They started yesterday in the nursery at church. Didn't look like hives, more like little pimples in places. I scooped him up and took him home. Missed festivities at my brothers place, and watched the spots spread.
This morning was that waiting game til the doctors office opened. Called the daycare clients and told them to stay away til I figured out what was up. Took my blotchy, fussy baby in immediately in the morning.
My lovely mushroom and egg white omelet left to grow cold on the stove. Found everyones jackets, wrestled Susan into clothes, remembered my cell phone, insurance card, adjusted straps on car seats.
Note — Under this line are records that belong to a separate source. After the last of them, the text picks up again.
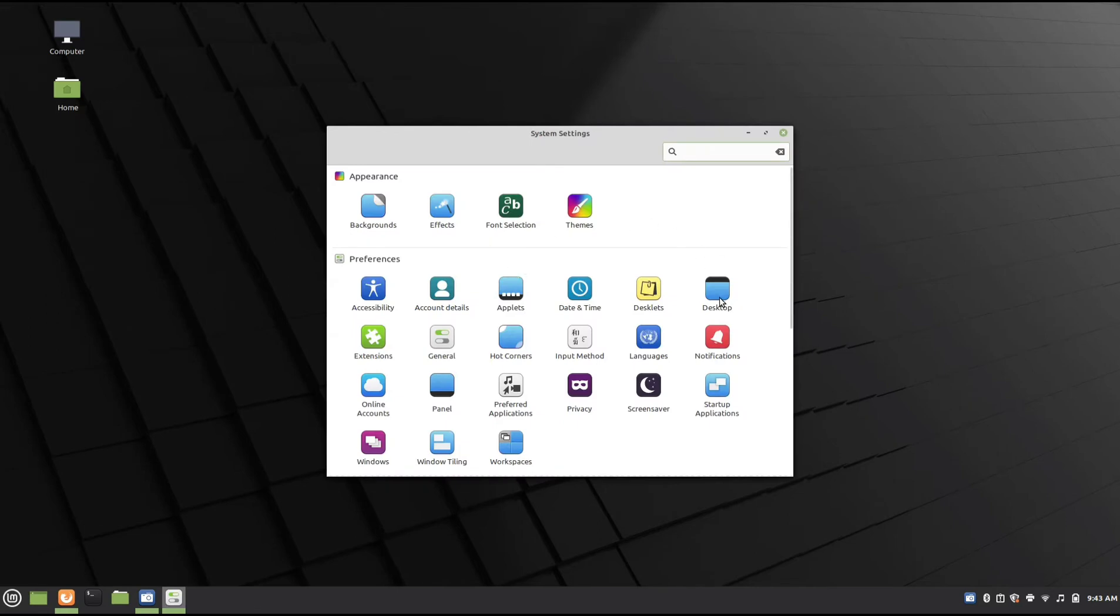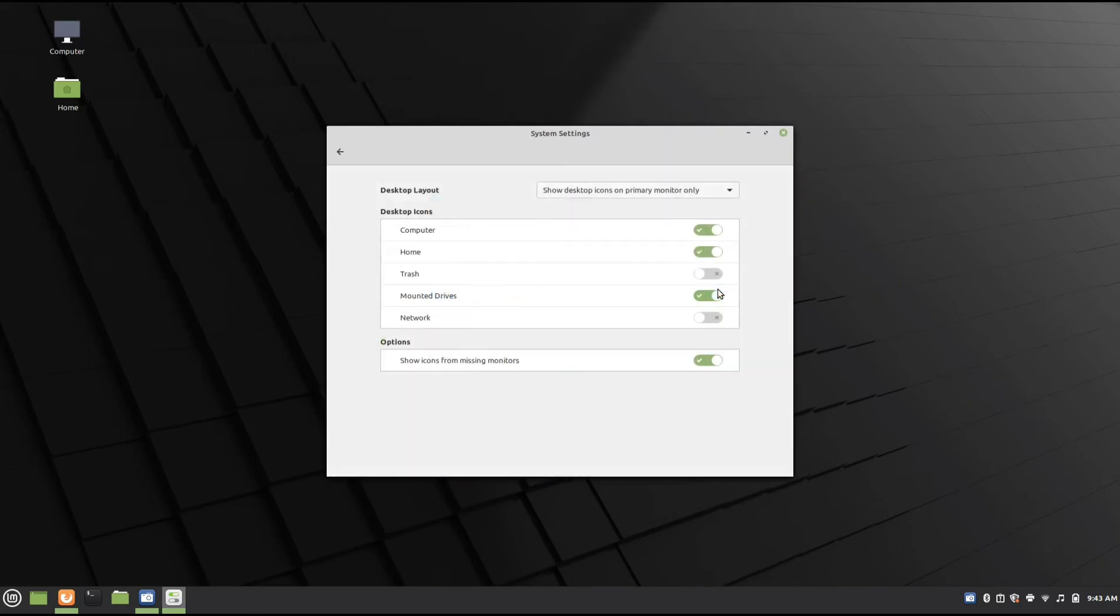Under System Settings, go to Desktop. Under Desktop Icons, look for Trash and turn it on by flipping the switch to the right.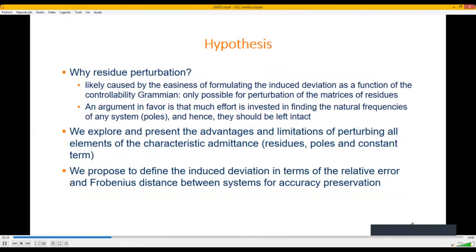Why do we see only residue perturbation in the literature and not, for example, perturbation of poles? This is likely due to the easiness of formulating the induced deviation as a function of the controllability gramian, which is only possible for perturbation of residue matrices. Another argument is that much effort is invested in finding the natural frequencies — or poles — of any system and hence they should be left intact. In this paper we explore the advantages and limitations of perturbing all elements of the characteristic admittance: not only residues but also poles and the constant term. We propose to define the induced deviation in terms of relative error and Frobenius distance between systems for accuracy preservation.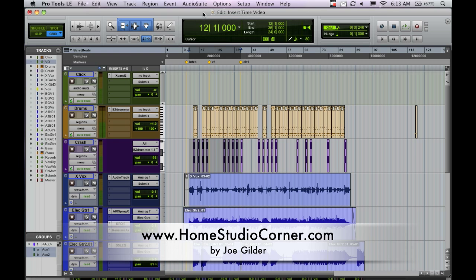Today we're going to talk about inserting time into Pro Tools. Now, this doesn't involve time machines, so don't freak out.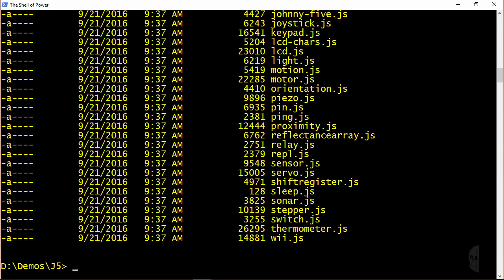Well it looks like everything is there that needs to be, so let's move on to see how to configure an arduino for use with johnny-five.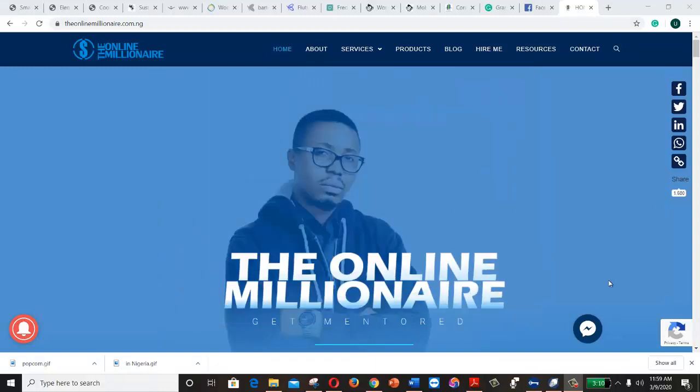Hi and welcome to today's presentation. I'm Mostafa, which Alfred and folks call me the Online Millionaire, and this is the fifth day of our 17 super creative sessions.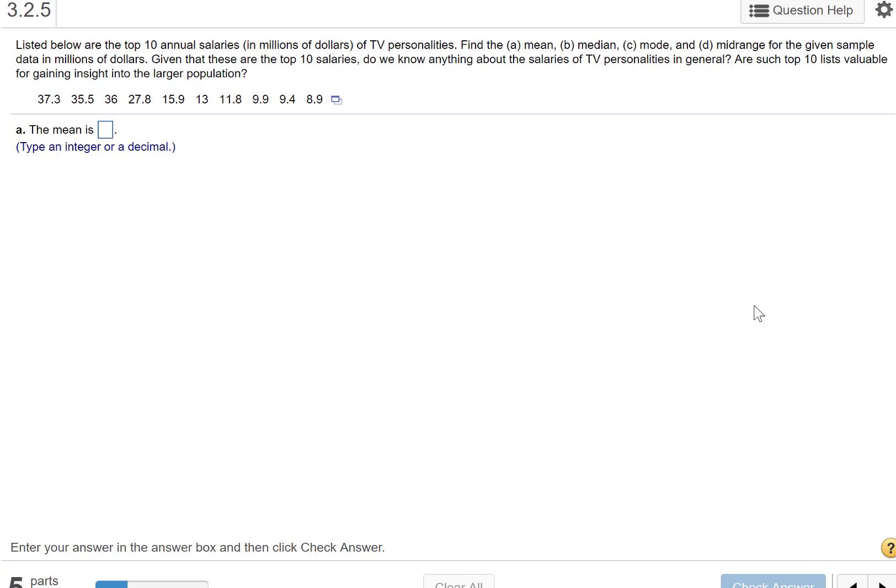Listed below are the top 10 annual salaries in millions of dollars for TV personalities. Find the mean, median, mode, and mid-range of the given data in millions of dollars. I'm going to show you how to do this with StatCrunch.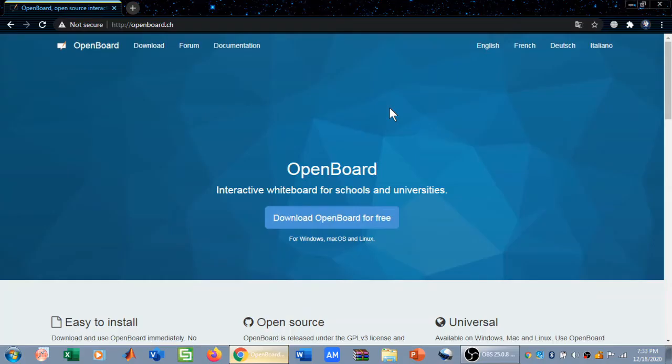Welcome to the YouTube channel Technically Explained. In this video we are going to talk about the OpenBoard software. OpenBoard is actually a blackboard or whiteboard that you see in your school, college, or university, and this software is going to be very helpful for teachers who are teaching online.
Turned on the car to hear Third Day singing to me on the radio.
"There's a light at the end of this tunnel..."
I smiled. I hadn't felt any more stressed than usual this morning. Babies get sick. Two year olds are difficult. I don't always get to eat when I want. Nothing new. Just the way it is.
But somehow, that song reminded me that God sees what I'm going through, AND it's not just an exercise. All of this is worth something. I am learning patience, compassion, joy in all things. I am becoming stronger, more capable, and more experienced. I am learning to be the very best woman I can be.
So hooray for learning to live, boo for baby boy having hives. :( Yikes! I had a horrible case of hives when he was about 8wks old. No idea why. I do have extremely sensitive skin, and frequently have to remove any jewelry and heal up from a spontaneous rash. Maybe baby boy got Momma's skin. Hope not.
Not bad for a Monday. He looked a lot better tonight - and maybe he will sleep well. Tomorrow will bring new excitement, I'm sure!